I’ve almost got some test code fully working … will update this thread “soon”.

I was talking about PL_atom_wchars, not PL_get_wchars. PL_atom_wchars works directly on the underlying atom, returning a pointer to its data. PL_get_wchars does quite a bit more, actually copying the data and potentially converting the encoding.

PL_atom_wchars does definitely check for ucs_atom type, not just PL_BLOB_TEXT flag.

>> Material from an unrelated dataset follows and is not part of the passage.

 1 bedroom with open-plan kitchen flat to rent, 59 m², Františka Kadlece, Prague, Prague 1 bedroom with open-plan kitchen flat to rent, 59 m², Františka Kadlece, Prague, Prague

If you have a term_t that is supposed to be an atom use one of the PL_get*chars() functions. It relatively rare cases you might want to get the text associated from an atom_t object. PL_atom_chars() and PL_atom_wchars() are fine for that. The blob functions should be used for non-text atoms. Do not use them on text atoms as it is not impossible (and actually quite likely) that sooner or later the two text atom types will be merged. In that case PL_atom_chars() and PL_atom_wchars() can still do their job, but fetching the blob data might get something unexpected.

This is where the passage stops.